La logique de « merit order » consiste à faire appel aux différentes unités de production, au fur et à mesure, en fonction de leurs coûts marginaux croissants. (©Chaire Économie du Climat)
Quel impact sur les émissions européennes ?
Au niveau européen, le marché de quotas d’émissions de CO2 pâtirait de l’introduction du prix plancher français. A niveau de plafond inchangé sur ce marché européen, les installations électriques françaises « libéreraient » en effet des quotas qui pourraient être utilisés par d’autres acteurs du marché non soumis au prix plancher. On assisterait in fine à un transfert d’émissions entre secteurs, comme cela a été le cas à la suite de l’introduction d’un prix plancher similaire sur le secteur électrique britannique, ce qui annulerait le bénéfice environnemental d’ensemble.
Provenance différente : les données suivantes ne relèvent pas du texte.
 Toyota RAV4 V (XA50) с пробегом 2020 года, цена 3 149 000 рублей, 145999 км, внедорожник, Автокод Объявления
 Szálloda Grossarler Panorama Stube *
Selon la Chaire Économie du Climat, le prix plancher français est susceptible de faire baisser le prix de la tonne de CO2 d’environ 0,7 € la première année par rapport à un scénario de référence (sans prix plancher) sur le marché de quotas européen et de 0,22 € la quatrième année. A titre indicatif, le prix de la tonne est descendue ces jours-ci en dessous de 5 €(4).
Pour que le prix plancher français « génère un bénéfice environnemental, il faudrait que le plafond des quotas soit abaissé du montant des réductions d’émission du secteur électrique », précise l’étude.
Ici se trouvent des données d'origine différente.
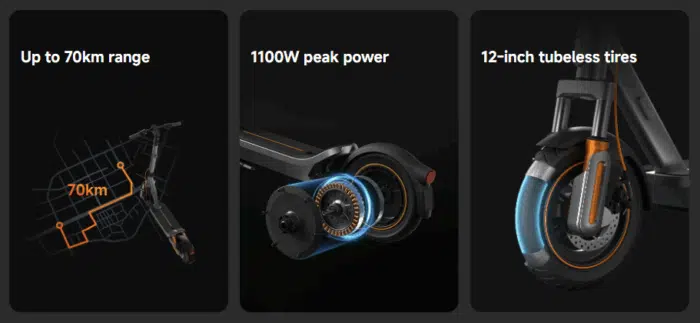 Xiaomi Electric Scooter 6 Max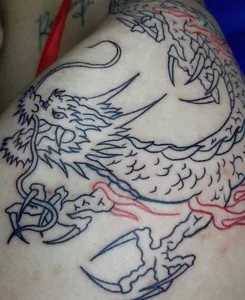 scarlet_castroのTour for tattoosの 3枚の写真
Qu’en serait-il si le prix plancher était européen ?
Les pouvoirs publics français ont présenté le prix plancher français comme une première étape vers « un corridor de prix sur le marché européen du carbone » (un dispositif qu’ont notamment contesté l’Allemagne et la Finlande lors du dernier Conseil environnement du 20 juin 2016(5)). Dans le cas d’un hypothétique prix plancher introduit au niveau de l’ensemble du secteur électrique européen, la Chaire Économie du Climat précise que les unités de production françaises verraient leur compétitivité-prix s’accroître. Le taux d’utilisation des centrales à gaz françaises pourrait notamment augmenter de 14%.
Avec un prix plancher de 30 €/tonne de CO2, le prix moyen de l’électricité sur le marché de gros européen pourrait atteindre(6) 44,8 €/MWh, soit près de 35% de plus que le prix moyen envisagé dans un scénario de référence(7) (alors que la hausse de ce prix de gros serait limitée à 2,6 à 3,4 €/MWh dans le cas du seul prix plancher français).
Au total, le secteur électrique européen pourrait réduire ses émissions de 124 Mt CO2 par an entre 2017 et 2020. Les quotas libérés ne seraient toutefois que « marginalement absorbés » par la réserve de stabilité(8) (qui permet de réduire le nombre de quotas « en circulation » en cas d’excédent sur le marché). En définitive, le prix de la tonne de CO2 sur le marché d’échange de quotas européen chuterait à zéro et la réduction nette des émissions à l’échelle européenne serait réduite à 50 Mt CO2 par an entre 2017 et 2020.
Se pose alors la question d’inclure les émissions de l’industrie, plus directement exposée à la concurrence internationale, dans le dispositif dudit prix plancher. Ce dernier se substituerait alors totalement au marché européen de quotas actuel.
Rappelons que la France s’est déjà dotée en 2014 d’une « composante carbone » qui s’applique à l’utilisation des énergies fossiles dans les secteurs non couverts par le système européen des quotas de CO2. Atteignant 22 €/t CO2 en 2016, cette taxe fait l’objet d’une révision à la hausse chaque année, qui a jusqu’ici été indolore pour les consommateurs français dans le contexte de baisse des prix des carburants et du gaz naturel.